Access Redirects (When You Truly Need Them)
If you prefer the classic “block entire post” flow, enable redirects in BricksMembers → Access Control in the WordPress backend. You only need two URLs:
- Logged-out redirect – Typically your login or join page – can be set under Bricks → Settings → Custom authentication pages
- Insufficient access redirect – Usually a pricing or upgrade page
Once those are set, assign required levels inside the post sidebar/meta box just like you would for conditional logic. BricksMembers will:
- Redirect logged-out visitors to your login page
- Redirect logged-in members who lack the required level to your upgrade page
- Bypass redirects automatically on login, registration, and password pages so users can still access those forms
When redirects make sense: simple “all-or-nothing” memberships, legacy migrations that expect blocking behavior, or situations where you don’t want to design custom “no access” layouts.
Assigning Required Levels
Both methods rely on the same access data. Any post (including custom post types) can require one or more user levels. Selection uses OR logic – if you check three levels, the user only needs one of them.

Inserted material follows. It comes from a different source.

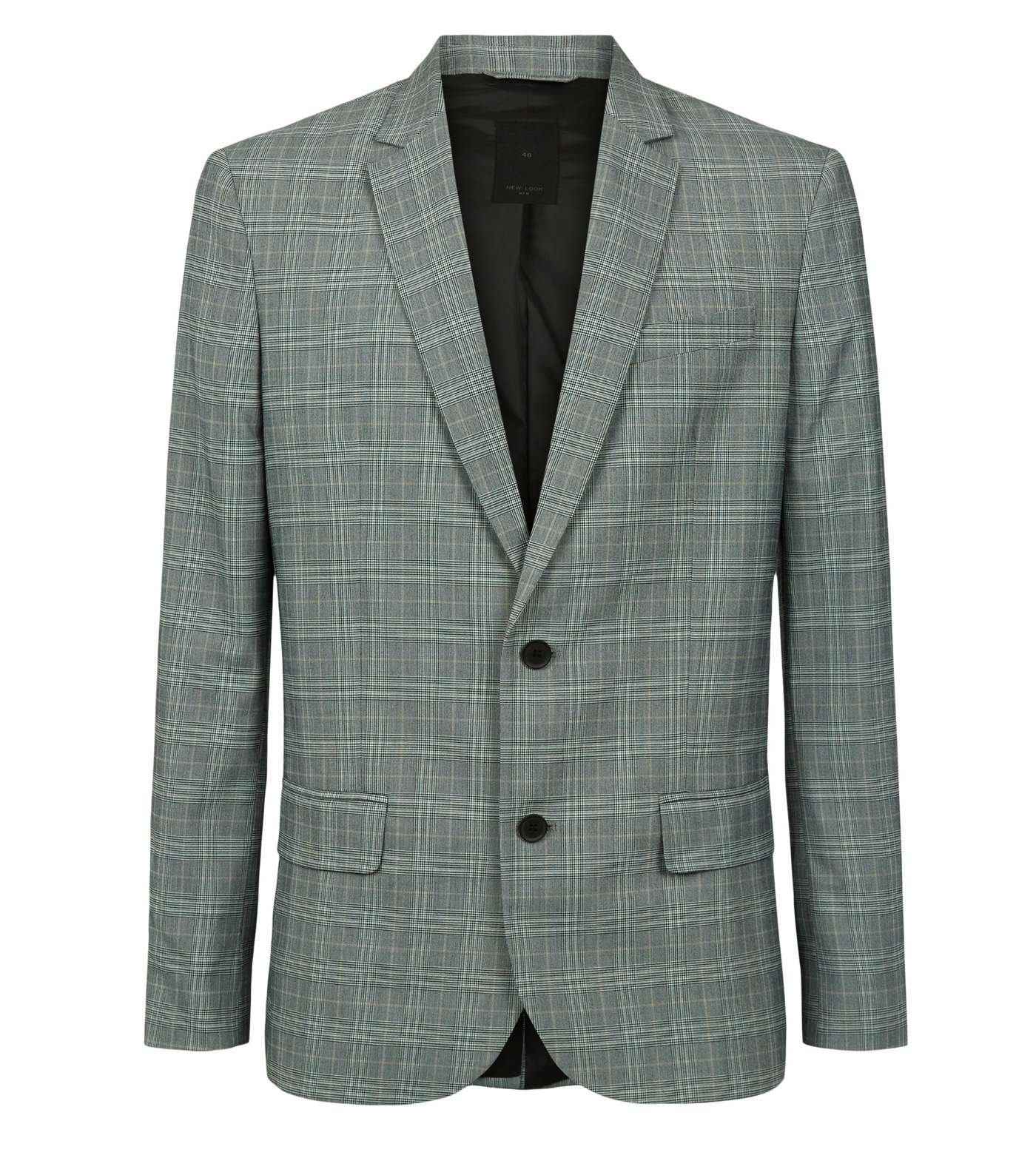 Pale Grey Check Suit Jacket Image 4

- Edit a post or page inside WordPress
- Locate the BricksMembers meta box (sidebar in block editor, panel in Classic editor)
- Select the required level(s)
- Update the post
Need to protect multiple posts at once? Use Bulk Edit or Quick Edit from the post list—the BricksMembers fields are available in both so you can assign levels en masse.
Best Practices Checklist
- Lead with User Level Match when protecting the post someone is currently viewing.
- Use Has Access To Level(s) for global UI, dashboards, menus, popups, or any reusable section that isn’t tied to the current post.
- Filter query loops instead of hiding cards after they render—your loops stay performant and accurate.
- Preview with Bricks’ user switcher to confirm Match vs No Match behavior for every tier.
- Reserve redirects for the rare cases where a full-page block is acceptable.
- Explain the “why” on every locked section: mention the level name and give a direct upgrade path.